McQ points us to a new, if all too familiar, turn the ugly situation in Venezuela is taking:

Venezuelan Jews, long uneasy with the Chávez government’s alliances with Iran and other Middle Eastern countries that espouse anti-Israel views, are concerned that the government is sponsoring anti-Semitism in this hemisphere, a prominent journalist said Tuesday.

”The situation we have now in Venezuela is that for the first time in modern history we have government-sponsored anti-Semitism in a Western country,” said Sammy Eppel. “That is why this is very dangerous, not just for the Jewish community in Venezuela but for the Jewish community as a whole.”
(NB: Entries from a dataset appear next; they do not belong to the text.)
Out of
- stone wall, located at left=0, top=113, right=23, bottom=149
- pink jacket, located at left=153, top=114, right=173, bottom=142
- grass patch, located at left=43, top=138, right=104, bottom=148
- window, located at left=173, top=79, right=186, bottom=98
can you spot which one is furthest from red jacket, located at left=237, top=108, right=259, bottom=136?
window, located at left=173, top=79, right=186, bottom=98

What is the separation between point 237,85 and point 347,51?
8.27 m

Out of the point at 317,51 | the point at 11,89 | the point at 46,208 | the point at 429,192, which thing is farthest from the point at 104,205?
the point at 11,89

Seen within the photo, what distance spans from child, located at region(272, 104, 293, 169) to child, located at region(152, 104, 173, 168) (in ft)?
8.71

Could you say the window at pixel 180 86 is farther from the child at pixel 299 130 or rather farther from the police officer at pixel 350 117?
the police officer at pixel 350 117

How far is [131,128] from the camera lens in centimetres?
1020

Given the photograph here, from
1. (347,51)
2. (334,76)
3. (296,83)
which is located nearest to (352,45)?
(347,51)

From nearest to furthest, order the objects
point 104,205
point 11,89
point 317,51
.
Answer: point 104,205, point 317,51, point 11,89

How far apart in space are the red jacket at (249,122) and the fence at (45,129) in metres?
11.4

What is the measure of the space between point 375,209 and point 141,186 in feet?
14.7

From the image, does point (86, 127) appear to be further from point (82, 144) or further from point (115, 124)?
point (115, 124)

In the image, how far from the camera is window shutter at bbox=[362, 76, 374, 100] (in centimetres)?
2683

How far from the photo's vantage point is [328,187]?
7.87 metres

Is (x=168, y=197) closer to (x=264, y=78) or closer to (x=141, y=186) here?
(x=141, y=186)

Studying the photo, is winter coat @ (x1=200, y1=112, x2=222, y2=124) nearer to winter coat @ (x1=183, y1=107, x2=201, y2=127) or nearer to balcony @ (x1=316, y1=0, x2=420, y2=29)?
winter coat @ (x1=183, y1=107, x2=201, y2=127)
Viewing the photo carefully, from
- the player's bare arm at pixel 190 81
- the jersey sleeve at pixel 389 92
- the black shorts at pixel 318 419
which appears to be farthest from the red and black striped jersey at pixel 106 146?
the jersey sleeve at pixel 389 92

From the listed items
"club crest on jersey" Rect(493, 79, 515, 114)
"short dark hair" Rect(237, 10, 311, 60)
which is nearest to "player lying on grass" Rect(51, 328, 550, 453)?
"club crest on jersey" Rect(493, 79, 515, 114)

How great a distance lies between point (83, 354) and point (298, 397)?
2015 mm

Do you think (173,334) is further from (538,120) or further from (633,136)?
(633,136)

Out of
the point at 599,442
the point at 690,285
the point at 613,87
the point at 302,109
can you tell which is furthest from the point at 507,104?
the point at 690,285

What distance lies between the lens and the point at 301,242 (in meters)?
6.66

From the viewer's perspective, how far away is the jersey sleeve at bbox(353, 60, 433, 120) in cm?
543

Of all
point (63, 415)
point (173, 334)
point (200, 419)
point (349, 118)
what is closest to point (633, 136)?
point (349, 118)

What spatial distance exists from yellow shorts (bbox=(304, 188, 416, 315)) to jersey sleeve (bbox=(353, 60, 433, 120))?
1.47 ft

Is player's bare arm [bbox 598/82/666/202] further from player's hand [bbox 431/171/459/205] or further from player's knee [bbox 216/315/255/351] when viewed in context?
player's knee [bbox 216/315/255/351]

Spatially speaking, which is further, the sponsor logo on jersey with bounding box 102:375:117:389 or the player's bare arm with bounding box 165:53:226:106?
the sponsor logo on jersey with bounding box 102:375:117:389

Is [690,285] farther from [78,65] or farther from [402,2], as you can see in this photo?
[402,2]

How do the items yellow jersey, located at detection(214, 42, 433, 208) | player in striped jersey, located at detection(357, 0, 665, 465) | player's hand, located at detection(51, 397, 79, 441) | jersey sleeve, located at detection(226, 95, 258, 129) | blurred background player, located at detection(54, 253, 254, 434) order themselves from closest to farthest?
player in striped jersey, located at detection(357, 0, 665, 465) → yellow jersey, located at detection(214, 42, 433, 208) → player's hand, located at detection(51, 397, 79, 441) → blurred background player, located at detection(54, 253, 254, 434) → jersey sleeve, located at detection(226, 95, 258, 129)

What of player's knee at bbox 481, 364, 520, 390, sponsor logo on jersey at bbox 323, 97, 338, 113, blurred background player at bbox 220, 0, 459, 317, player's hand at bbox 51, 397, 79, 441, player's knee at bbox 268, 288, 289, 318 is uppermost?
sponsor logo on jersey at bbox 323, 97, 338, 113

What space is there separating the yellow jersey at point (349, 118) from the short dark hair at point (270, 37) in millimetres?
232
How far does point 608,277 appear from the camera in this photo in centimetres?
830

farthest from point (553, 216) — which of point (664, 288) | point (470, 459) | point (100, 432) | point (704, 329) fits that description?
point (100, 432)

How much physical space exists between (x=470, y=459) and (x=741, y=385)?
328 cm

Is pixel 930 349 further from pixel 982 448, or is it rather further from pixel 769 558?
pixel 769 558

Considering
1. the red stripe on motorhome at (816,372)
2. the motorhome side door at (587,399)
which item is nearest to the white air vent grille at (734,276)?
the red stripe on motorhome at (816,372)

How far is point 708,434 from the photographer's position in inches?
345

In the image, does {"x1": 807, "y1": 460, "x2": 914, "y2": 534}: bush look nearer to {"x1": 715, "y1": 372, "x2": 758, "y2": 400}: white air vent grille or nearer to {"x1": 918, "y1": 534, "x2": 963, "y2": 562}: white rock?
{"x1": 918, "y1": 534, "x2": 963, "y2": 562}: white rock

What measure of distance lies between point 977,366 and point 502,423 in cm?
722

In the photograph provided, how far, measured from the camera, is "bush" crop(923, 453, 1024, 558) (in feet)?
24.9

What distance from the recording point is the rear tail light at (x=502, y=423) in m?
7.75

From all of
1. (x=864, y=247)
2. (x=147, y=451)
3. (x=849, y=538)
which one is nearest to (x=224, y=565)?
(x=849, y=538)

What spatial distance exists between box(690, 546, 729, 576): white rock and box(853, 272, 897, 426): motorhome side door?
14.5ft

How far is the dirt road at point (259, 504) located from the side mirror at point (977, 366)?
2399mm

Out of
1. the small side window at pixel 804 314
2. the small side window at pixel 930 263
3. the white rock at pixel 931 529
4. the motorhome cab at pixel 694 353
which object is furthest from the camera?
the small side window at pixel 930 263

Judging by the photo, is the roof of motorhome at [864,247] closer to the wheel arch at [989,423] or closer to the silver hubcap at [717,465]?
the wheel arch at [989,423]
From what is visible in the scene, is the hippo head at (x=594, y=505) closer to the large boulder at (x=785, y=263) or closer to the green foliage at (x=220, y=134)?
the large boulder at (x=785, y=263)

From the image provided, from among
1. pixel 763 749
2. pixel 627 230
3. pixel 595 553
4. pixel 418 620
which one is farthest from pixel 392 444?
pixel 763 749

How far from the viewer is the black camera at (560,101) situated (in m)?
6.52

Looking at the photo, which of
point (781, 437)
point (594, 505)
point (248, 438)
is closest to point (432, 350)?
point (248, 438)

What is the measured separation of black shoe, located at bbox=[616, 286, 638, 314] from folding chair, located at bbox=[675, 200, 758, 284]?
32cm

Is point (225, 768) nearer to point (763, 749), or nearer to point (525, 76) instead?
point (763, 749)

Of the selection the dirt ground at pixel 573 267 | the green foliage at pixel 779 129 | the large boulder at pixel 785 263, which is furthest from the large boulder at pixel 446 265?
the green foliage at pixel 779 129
Among the examples offered by Eppel:

Venezuelan government intelligence services twice have raided the country’s most important Jewish center in a vague, ultimately unsuccessful search for weapons. Publications of the government’s cultural ministry run articles entitled ”the Jewish Question,” along with a Jewish star superimposed over a swastika.

McQ has more:

Think carefully about how totalitarians work. They have to have both an internal and external enemy in order to justify measures taken to expand powers. Jews have provided that internal enemy to so many dictators that this is like a bad rerun. But then, no one would claim that a dictator who is convinced he can make socialism work when no one else could, is worried about being particularly original.

Left or right, whether you call it fascism or socialism (and how does one really tell the difference?) the pattern has been the same, and as we have argued, so will eventually the results.

Other reactions: Fausta has much, much more.